-- Provided material follows --

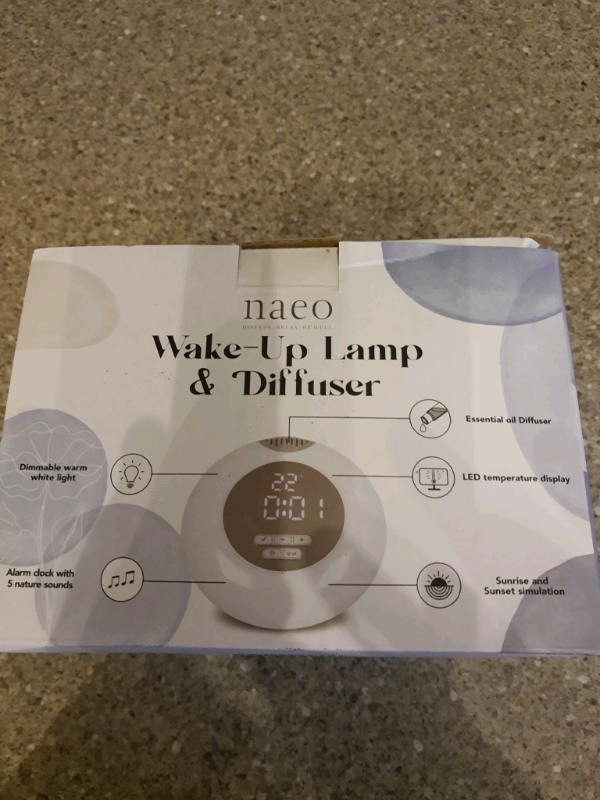 Naeo Wake - Up Lamp & Diffuser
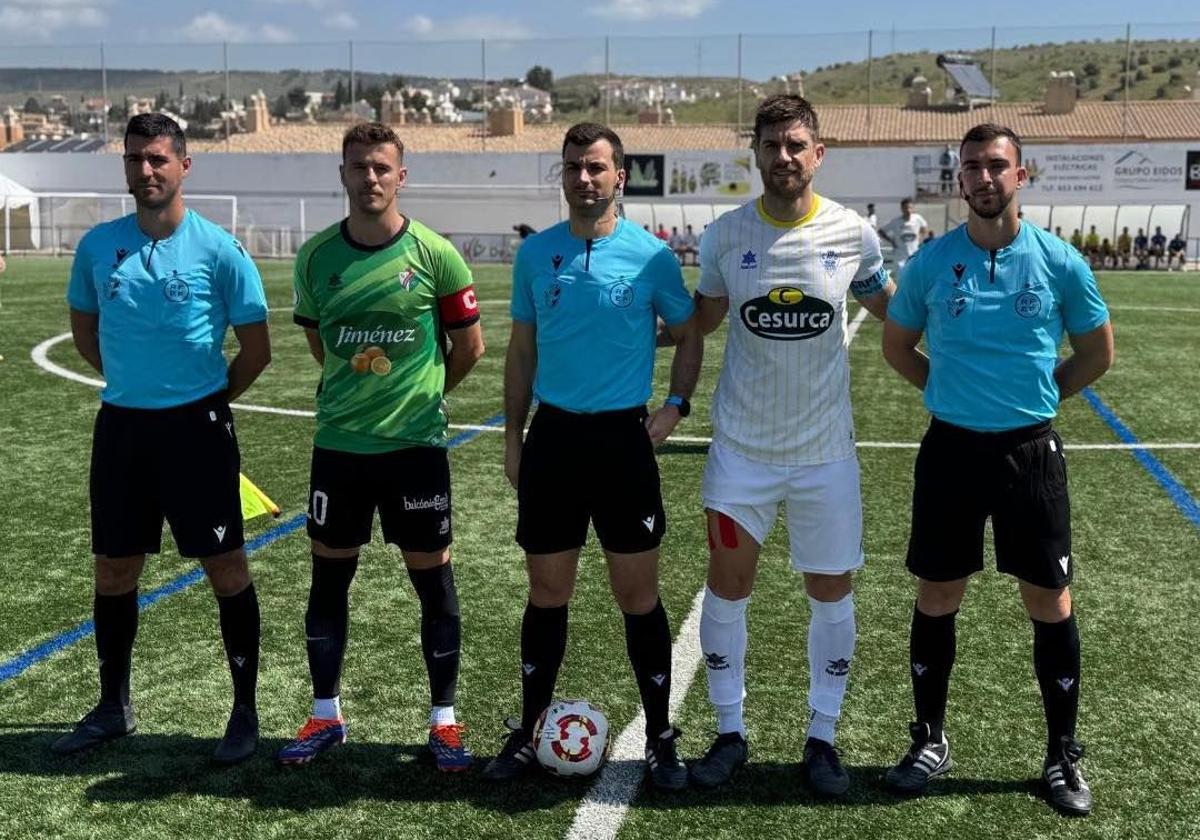 El decisivo derbi en Las Viñas acaba en reparto de puntos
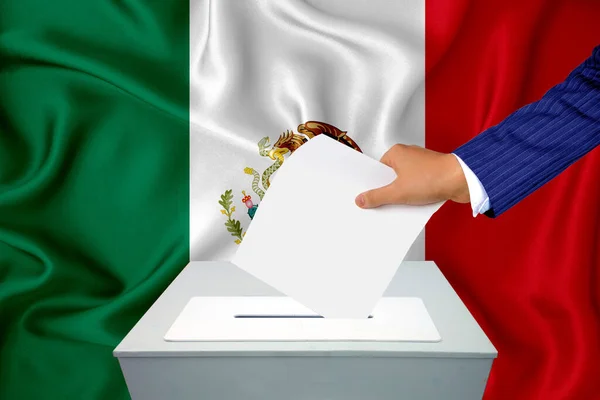 Elecciones País Votación Las Urnas Mano Hombre Pone Voto Las — Foto de Stock
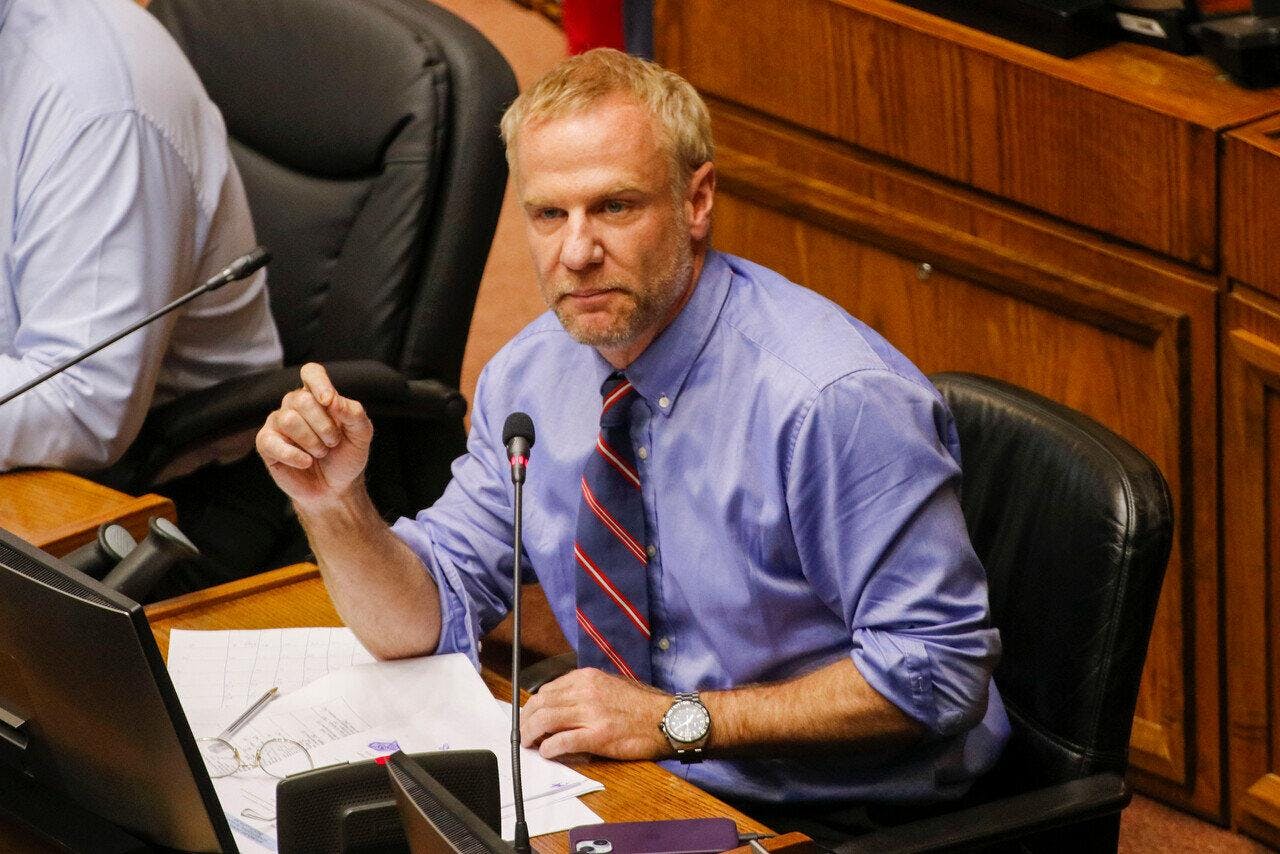 Felipe Kast sobre proyecto de inversor público en la AFP: “Es una muy mala señal. Desde el Gobierno me dieron las garantías de que no iba a ocurrir”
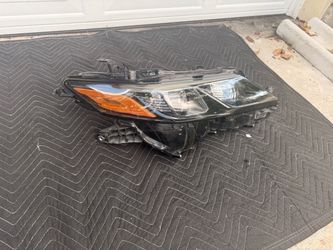 OEM toyota camry headlight/headlamp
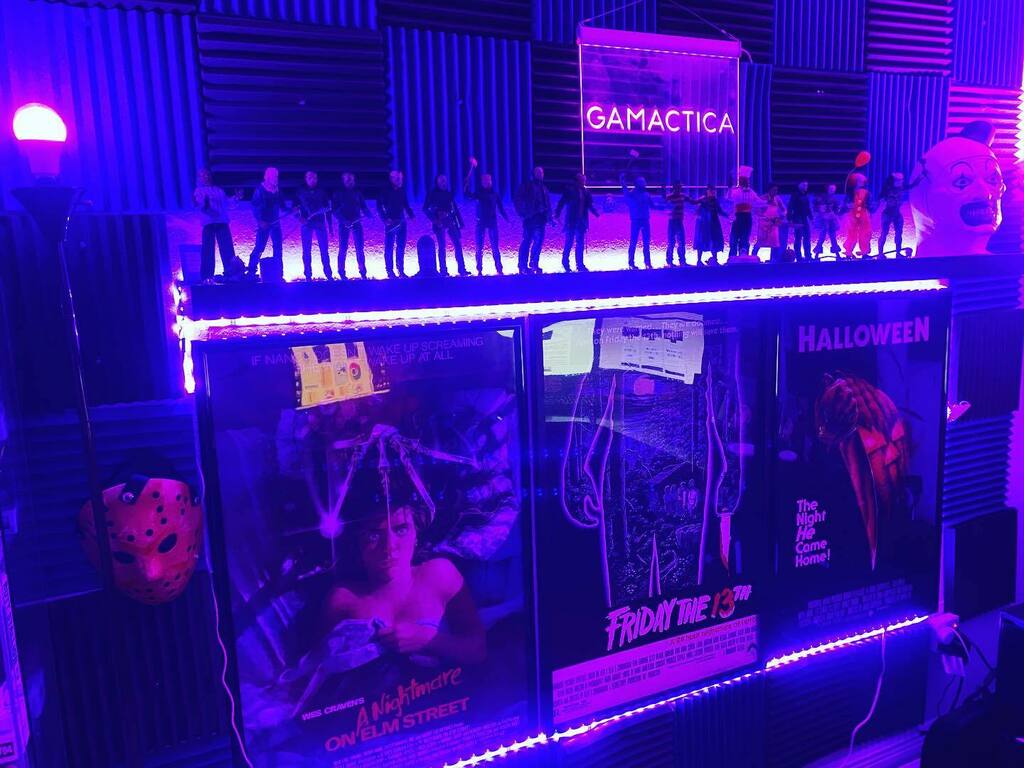 Gamactica's tweet photo. The mood is set. Friday Night Vibes are officially active.
Join @anthony.dimoro @jetwayjesustv & @gamactica_ LIVE on #twitch right now!!
👽https://t.co/bIv5zIlm9x
#twitchstreamer #twitchtv #gamactica #gamacticans https://t.co/t2uYotFsGP https://t.co/G1rsNRTycC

-- Provided material concluded --

(Work instruction) Word for word and without pictures, restate only the lines running from the one that contains "Felipe Kast sobre" through the last line of the listing above.

(Task answer)
 Felipe Kast sobre proyecto de inversor público en la AFP: “Es una muy mala señal. Desde el Gobierno me dieron las garantías de que no iba a ocurrir”
 OEM toyota camry headlight/headlamp
 Gamactica's tweet photo. The mood is set. Friday Night Vibes are officially active.
Join @anthony.dimoro @jetwayjesustv & @gamactica_ LIVE on #twitch right now!!
👽https://t.co/bIv5zIlm9x
#twitchstreamer #twitchtv #gamactica #gamacticans https://t.co/t2uYotFsGP https://t.co/G1rsNRTycC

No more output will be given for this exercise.